▶ Task statement
In the records below, find the line containing "A gray, single-story", then print it and every following line exactly, through the last, without pictures.

Top of Records shown

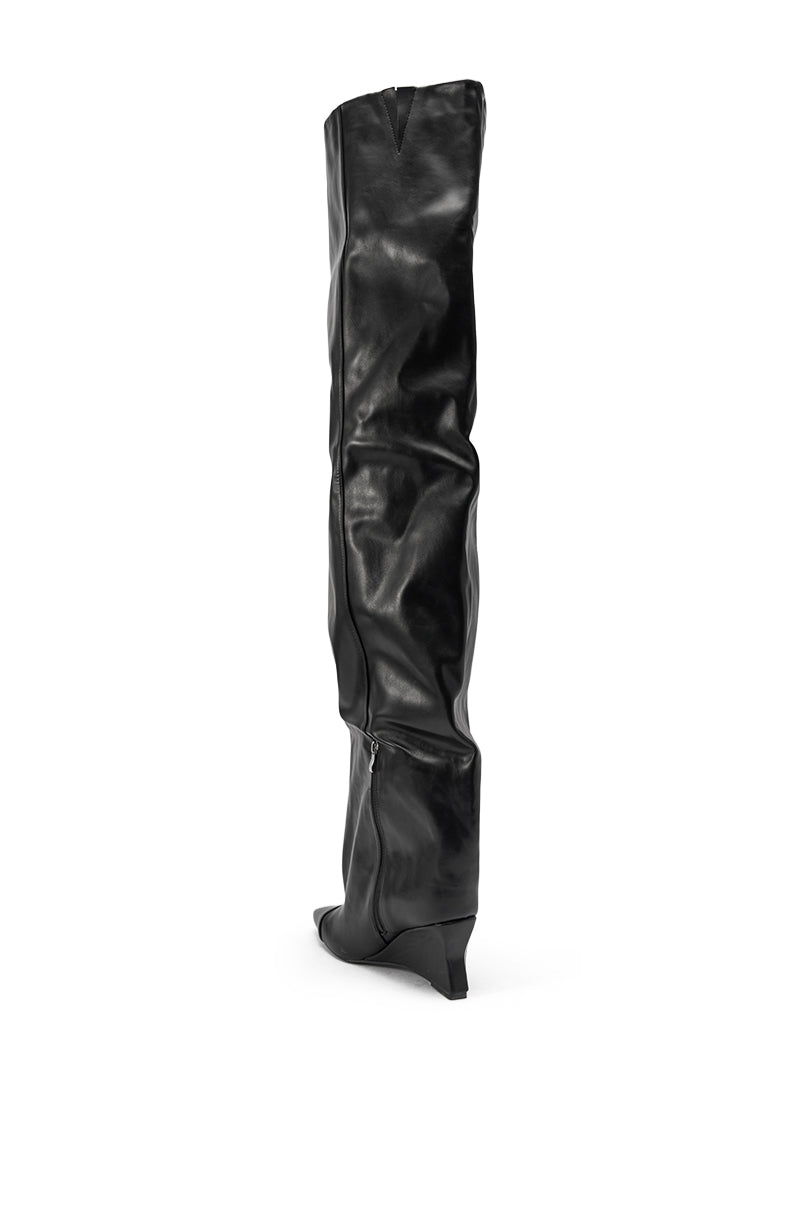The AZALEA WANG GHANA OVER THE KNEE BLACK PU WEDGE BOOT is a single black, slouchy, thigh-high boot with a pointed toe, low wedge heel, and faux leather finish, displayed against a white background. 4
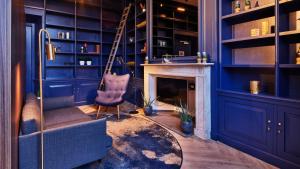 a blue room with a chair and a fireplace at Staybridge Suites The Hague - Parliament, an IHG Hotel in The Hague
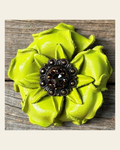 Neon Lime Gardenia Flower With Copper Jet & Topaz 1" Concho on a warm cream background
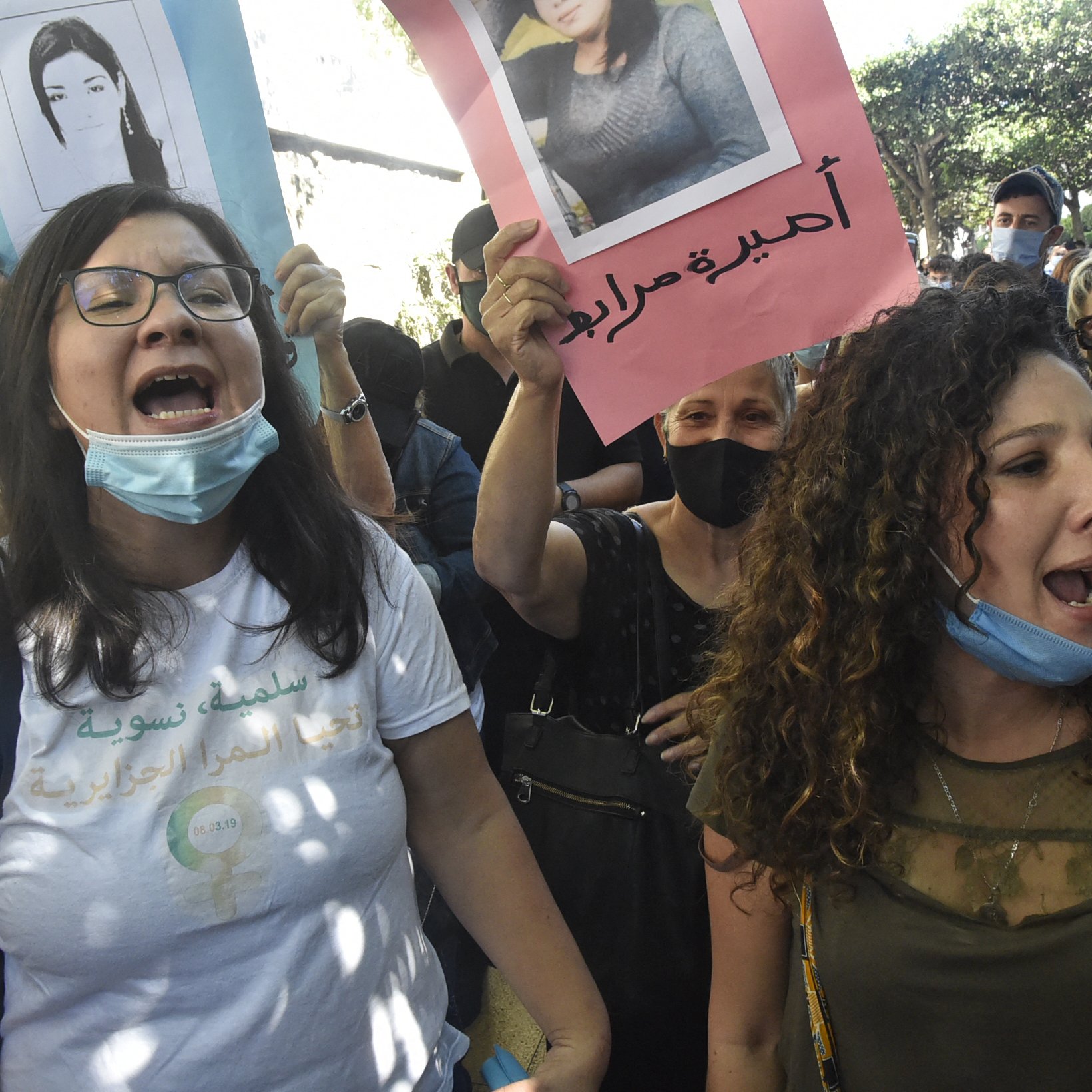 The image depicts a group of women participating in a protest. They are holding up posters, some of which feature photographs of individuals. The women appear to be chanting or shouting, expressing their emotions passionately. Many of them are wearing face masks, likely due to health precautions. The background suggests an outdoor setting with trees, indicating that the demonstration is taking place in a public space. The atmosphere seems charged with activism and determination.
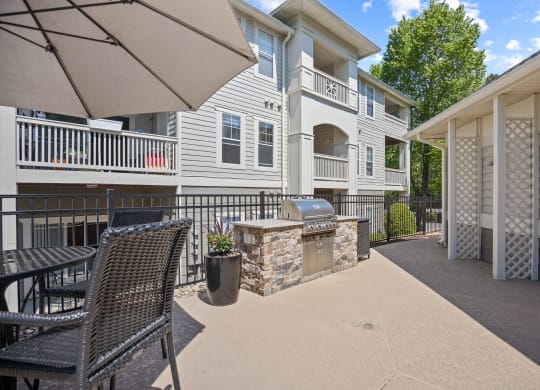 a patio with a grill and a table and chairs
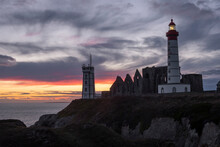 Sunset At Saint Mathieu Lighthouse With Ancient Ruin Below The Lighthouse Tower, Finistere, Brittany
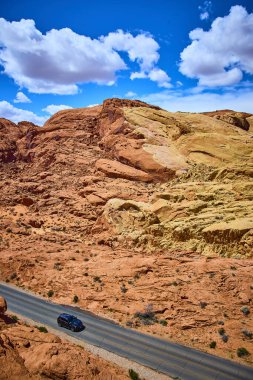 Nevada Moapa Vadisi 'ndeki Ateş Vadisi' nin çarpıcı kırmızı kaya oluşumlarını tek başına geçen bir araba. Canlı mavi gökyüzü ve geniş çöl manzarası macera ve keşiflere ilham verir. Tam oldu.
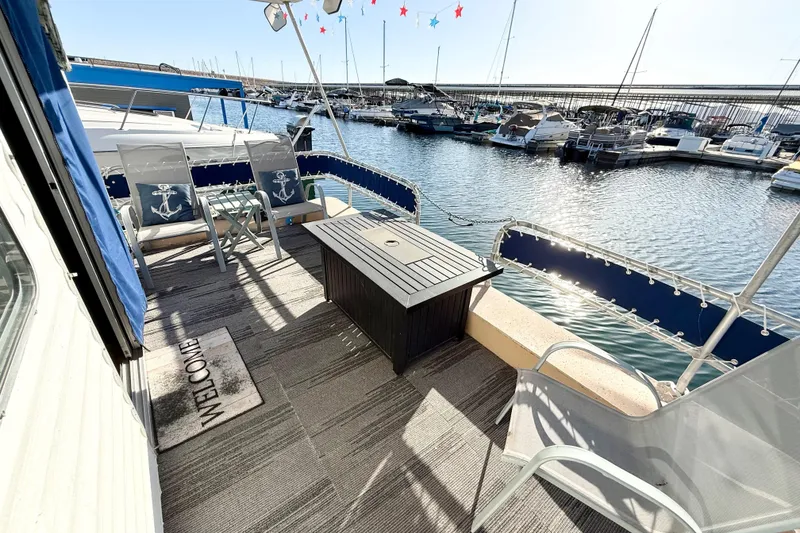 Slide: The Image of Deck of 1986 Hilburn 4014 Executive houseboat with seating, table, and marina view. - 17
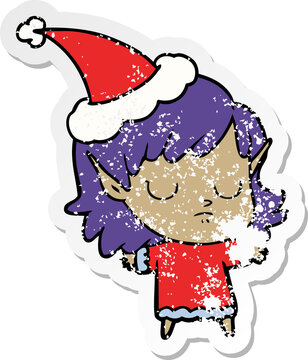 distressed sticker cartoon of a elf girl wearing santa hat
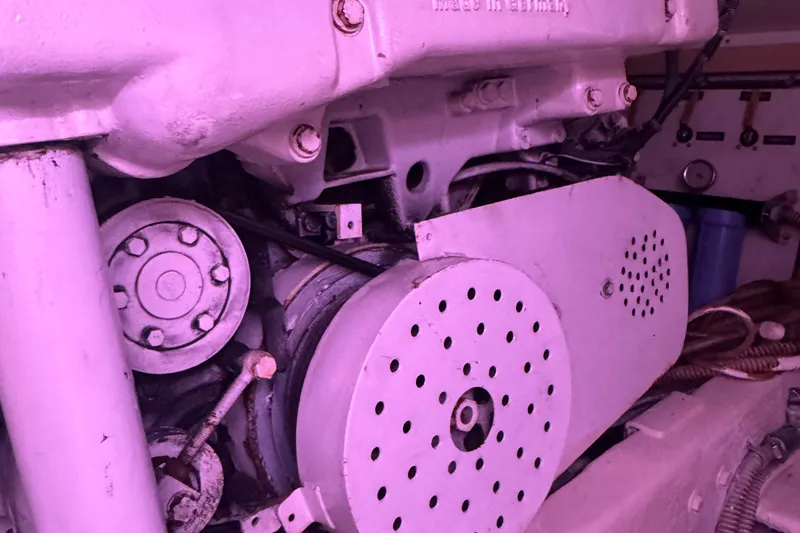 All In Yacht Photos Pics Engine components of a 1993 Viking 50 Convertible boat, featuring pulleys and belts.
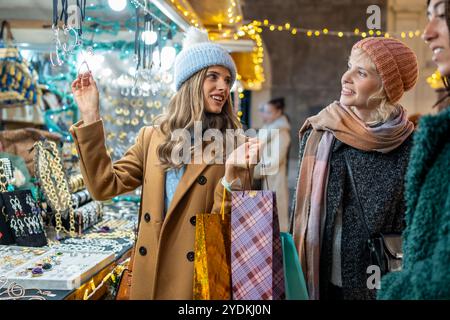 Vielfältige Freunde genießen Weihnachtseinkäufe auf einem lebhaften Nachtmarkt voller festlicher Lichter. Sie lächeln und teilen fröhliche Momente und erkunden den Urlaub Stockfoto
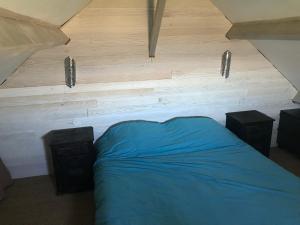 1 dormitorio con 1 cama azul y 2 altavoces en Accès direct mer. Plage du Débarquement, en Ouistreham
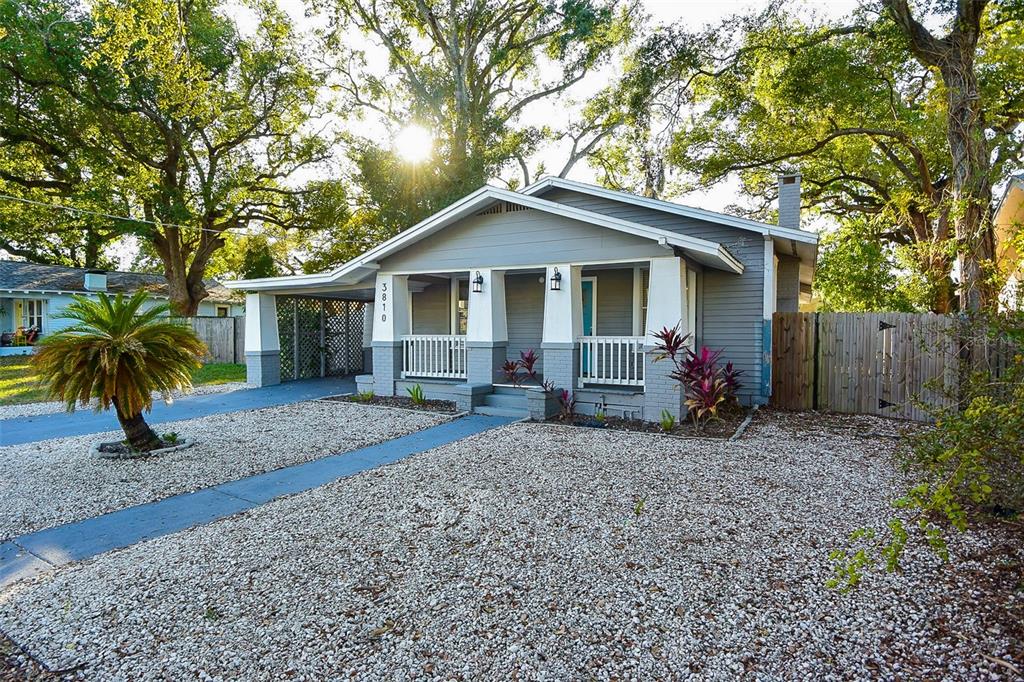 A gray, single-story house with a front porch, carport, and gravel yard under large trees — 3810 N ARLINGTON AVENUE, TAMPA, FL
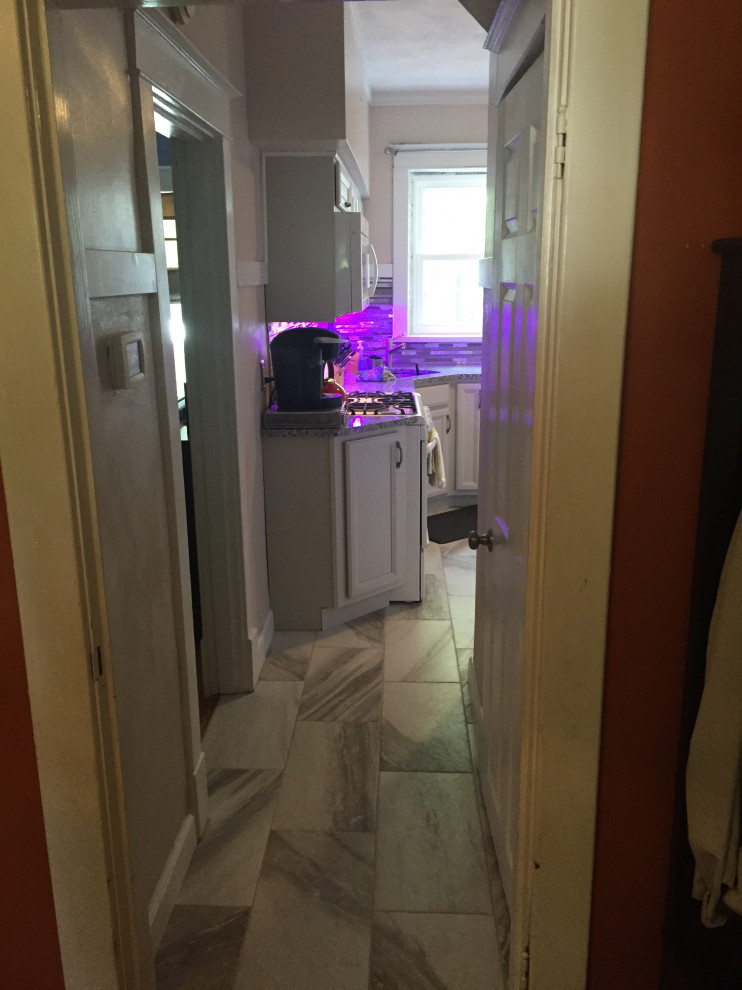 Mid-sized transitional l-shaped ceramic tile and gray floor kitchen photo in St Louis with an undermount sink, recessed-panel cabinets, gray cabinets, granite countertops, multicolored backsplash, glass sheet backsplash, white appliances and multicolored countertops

Bottom of Records shown

▶ Answer
 A gray, single-story house with a front porch, carport, and gravel yard under large trees — 3810 N ARLINGTON AVENUE, TAMPA, FL
 Mid-sized transitional l-shaped ceramic tile and gray floor kitchen photo in St Louis with an undermount sink, recessed-panel cabinets, gray cabinets, granite countertops, multicolored backsplash, glass sheet backsplash, white appliances and multicolored countertops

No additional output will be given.